Gov. Jay Nixon was at the Marshfield headquarters of Sho-Me Power Electric Cooperative and Sho-Me Technologies on Aug. 12 to announce MoBroadbandNow, a partnership to install broadband Internet infrastructure statewide.

The state and four telecommunications companies have applied for $142.3 million in funding through the American Recovery & Reinvestment Act to provide so-called "middle-mile" infrastructure, which takes Internet coverage into rural areas so that local providers can connect to individual homes and businesses.

If approved, the state has pledged $25.2 million in matching funds to purchase the equipment necessary to make the new connections; that money would come from a pool of $40 million from the federal budget stabilization fund, which the legislature approved earlier this year for broadband projects.

Nixon spokesman Scott Holste said the program would increase broadband coverage to 91 percent from 79 percent of the state population by 2015. While federal announcements about the state programs selected to receive funding likely won't start until December, Holste said the state hopes that the public-private partnership aspect of Missouri's application will make it more attractive. The other last-mile partners signed on are Big River Telephone, Ralls County Electric Cooperative and Poplar Bluff Internet.

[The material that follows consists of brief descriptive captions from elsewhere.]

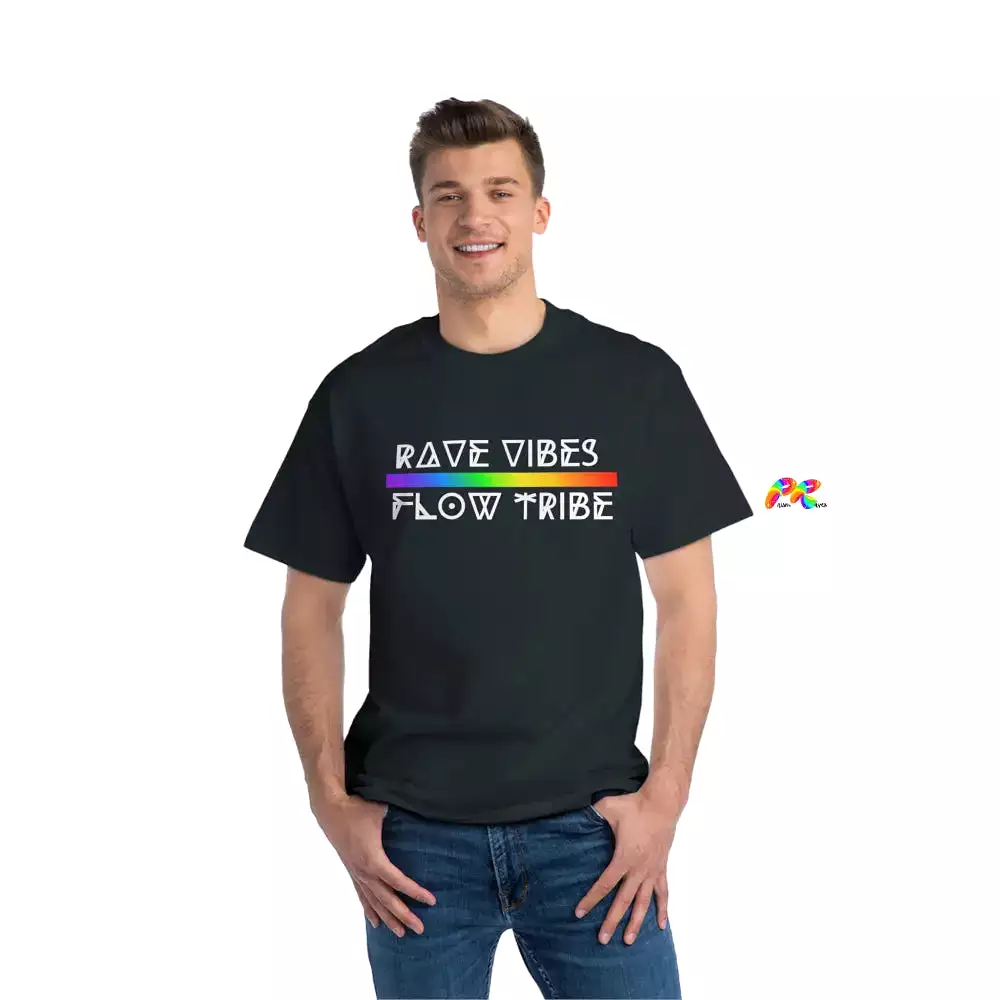 Rave Vibes Beefy-T  Short-Sleeve T-Shirt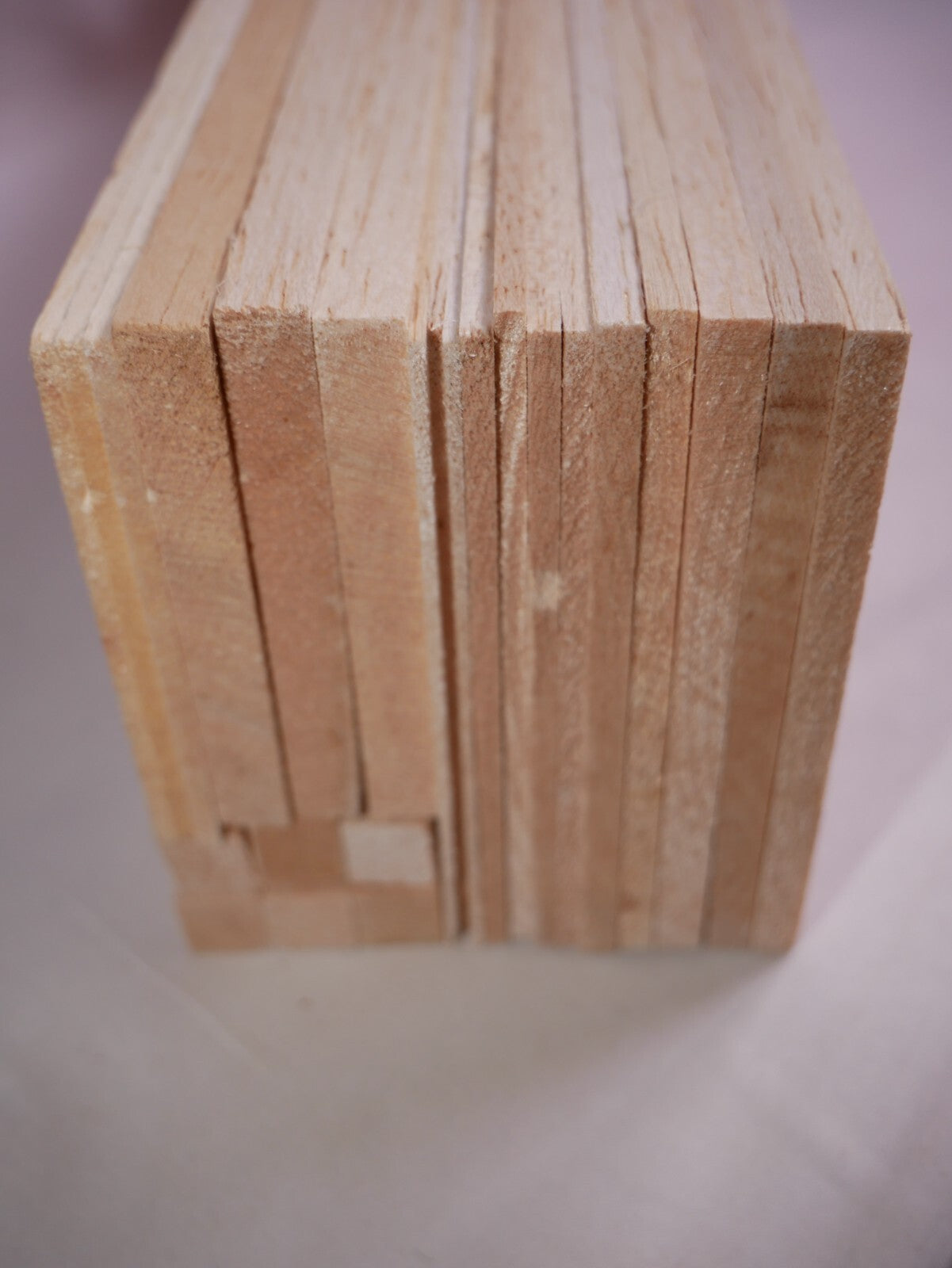 Javis Manufacturing Ltd Multipiece Giant 18" Balsa Bundle Mixed Sizes - GIANT18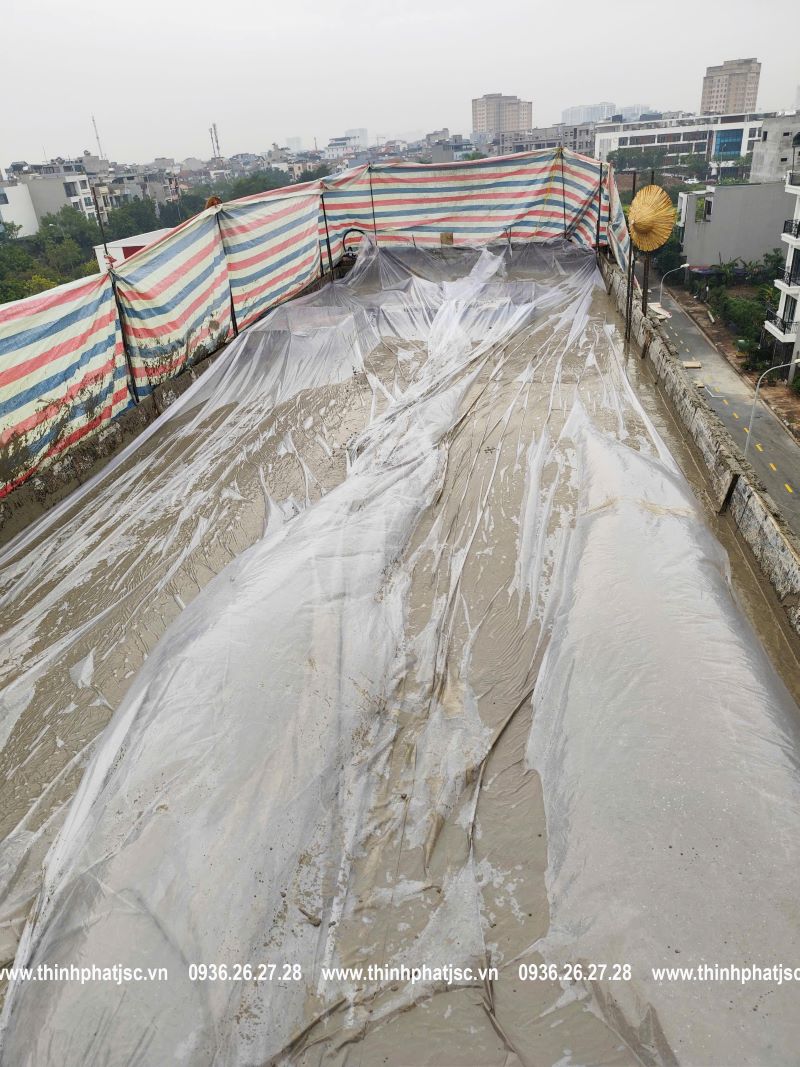 xây nhà trọn gói quận long biên nhà anh sơn giang biên 19 09 2024 6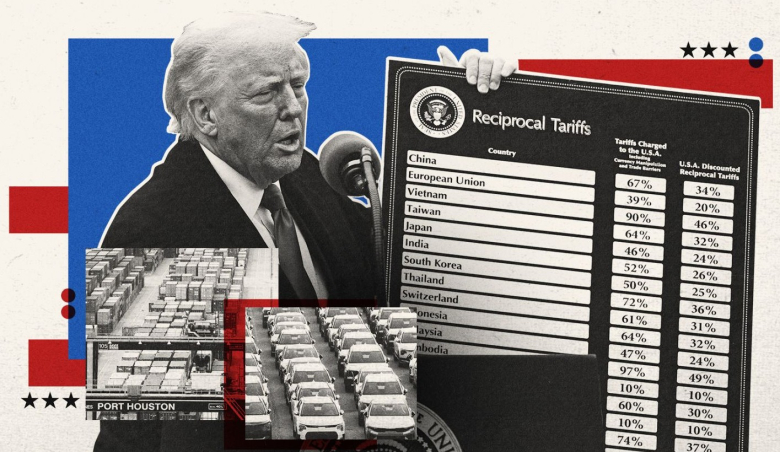 Нелегалните царини на Трамп трупаат камата од 23 милиони долари на ден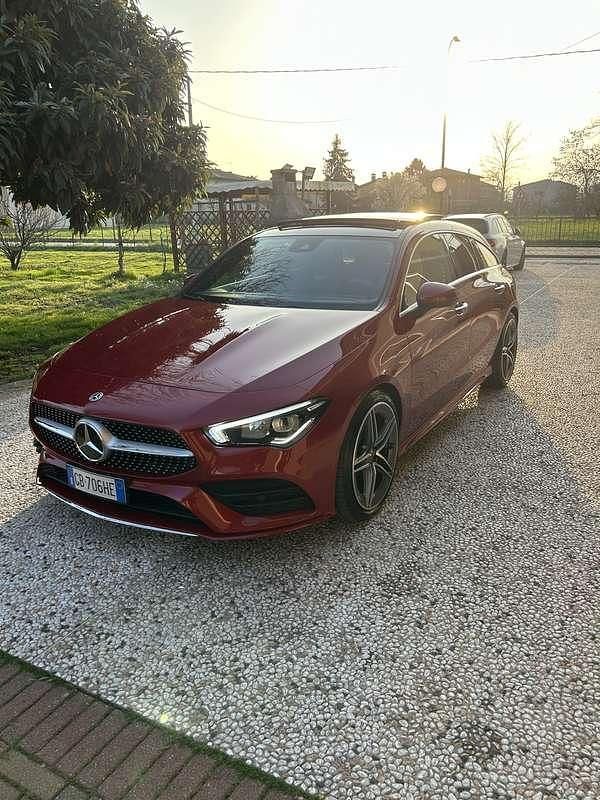 Usata Mercedes CLA220 Shooting Brake Premium 190 CV (139 kW) 2020 Station wagon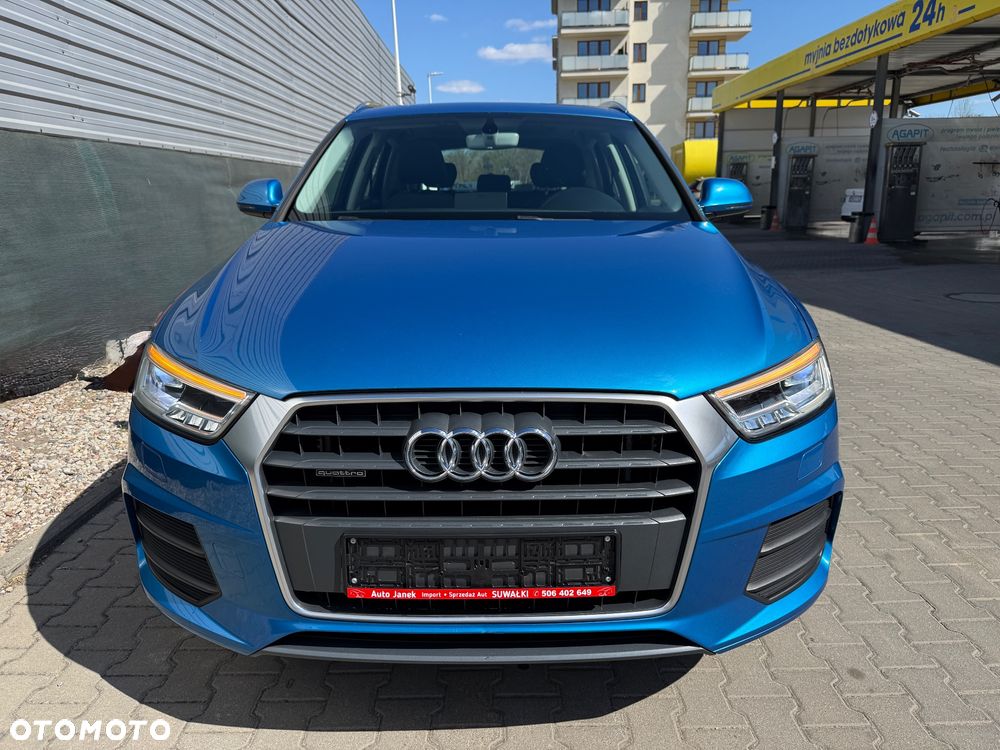 Audi Q3 2.0 TDI Quattro sport - 12
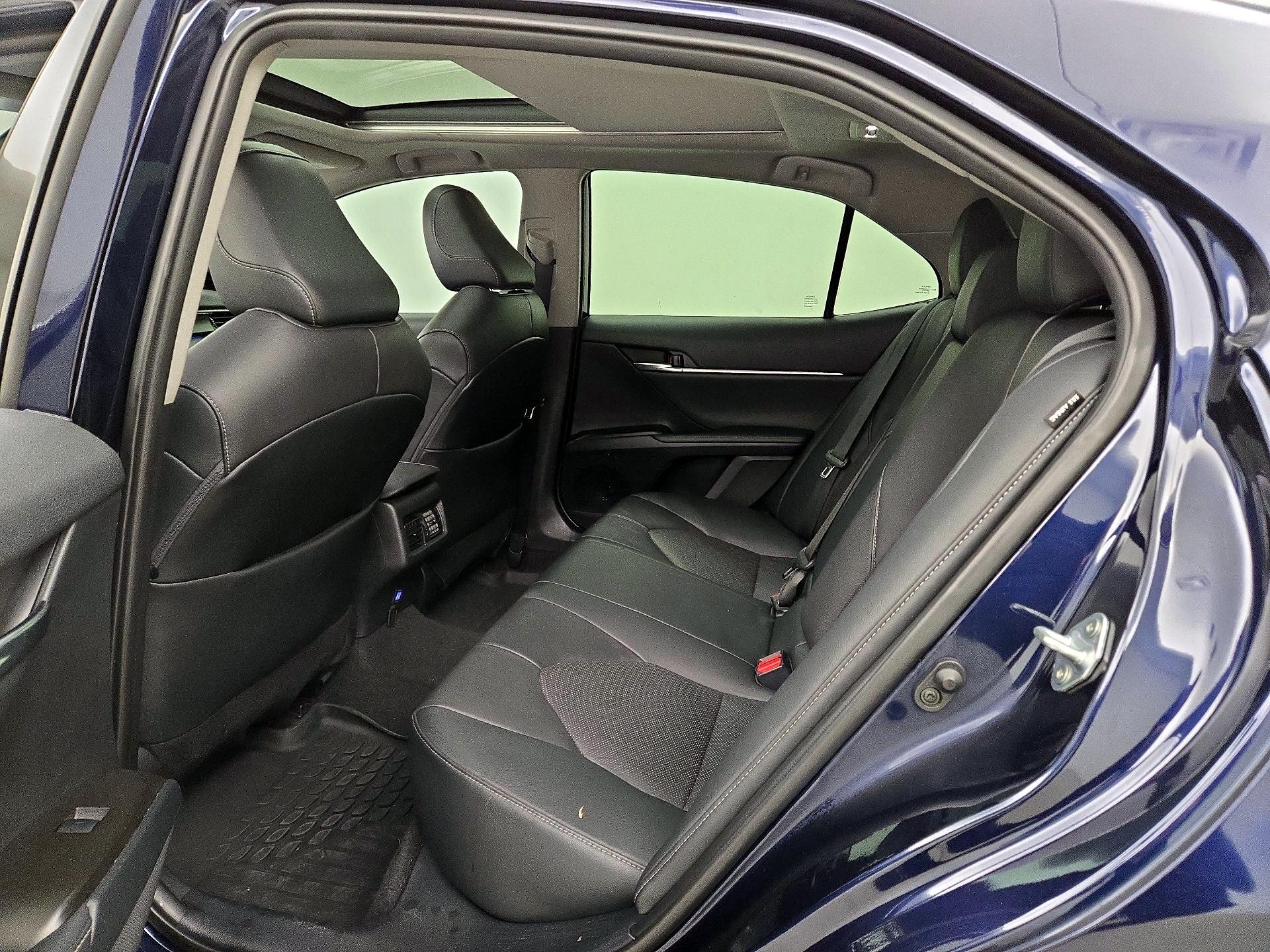 Thumbnail: 2021 Toyota Camry - 20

"We think that ... Missouri is going to receive strong consideration from the Department of Agriculture and the Department of Commerce," Holste said.

"This is an unprecedented opportunity to get the necessary financial boost for building middle-mile infrastructure that to this point, for the private sector, has not been cost-feasible."

The program is a natural extension of work Sho-Me Power already is doing, according to Jerry Hartman, the co-op's manager of administrative services.

Hartman said the power company has been working since 1997 to put in fiber-optic cable to support its power-grid data collection efforts.

"With this stimulus event, we felt we could build middle-mile infrastructure, and we found that the state of Missouri had a common goal to serve the folks in rural Missouri. That's where the partnership developed," Hartman said.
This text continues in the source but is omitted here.